I found this situation interesting. Considering also runners up in the Super Bowl, three additional quarterbacks on a rookie contract also appear. Furthermore, the 2018 NFL MVP Patrick Mahomes is still on his rookie contract. These contracts are notably cheaper than contracts given to the same players in future contracts.

This motivates my analysis. Does having additional cap space to spend on other position groups help a team win? More generally, what can linear regression say from spending patterns in relation to regular season wins?

To get started I got really well acquainted with BeautifulSoup, a library for working with HTML/XML files. With this, I scraped relevant contract data off of Sportrac.com. This data is somewhat limited, not by availability but by relevance, given that the collective bargaining agreement between the NFL and the NFL Players Association fundamentally determines the relevance of contract financials.

Once i had contract data, I then went to Wikipedia and acquired the remainder of my data, now came the hard part! This data is not at all suited to the techniques I have at hand, and as an NFL fan, it’s not the most direct measure of a teams success to know how they paid their punter!
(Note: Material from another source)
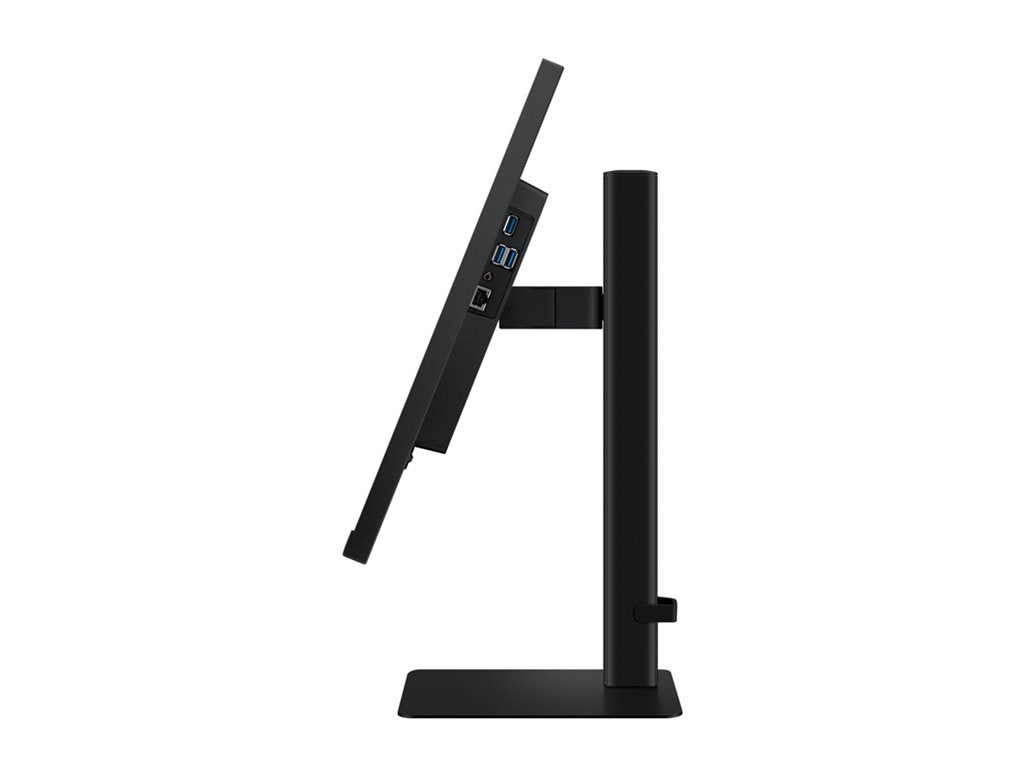 Samsung ViewFinity S6 S27D606UAN - S60UD Series - LED monitor - USB - 27 - 2560 x 1440 QHD @ 100 Hz - IPS - 350 cd/mï¿½ - 1000:1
Regardless, there is still important modeling considerations to entertain. For this project at Metis I was restricted to forms of linear regression (with regularization). Fighting overfitting became my main difficulty, as the dataset was quite small (~200 rows). I decided to use a LASSO regression (a linear regression with an L1 penalty on coefficients). What does that mean? Not only did it try to match my training data, but furthermore this algorithm punishes itself for the sum of the absolute values of the coefficients. By adding a contraint, the ability to overfit is reduced.

In the end, this model was not the greatest for betting at Vegas! My model on my testing set had a Root Mean Square Error of ~2.8. That is it’s generally around 3 games off on a 16 game season.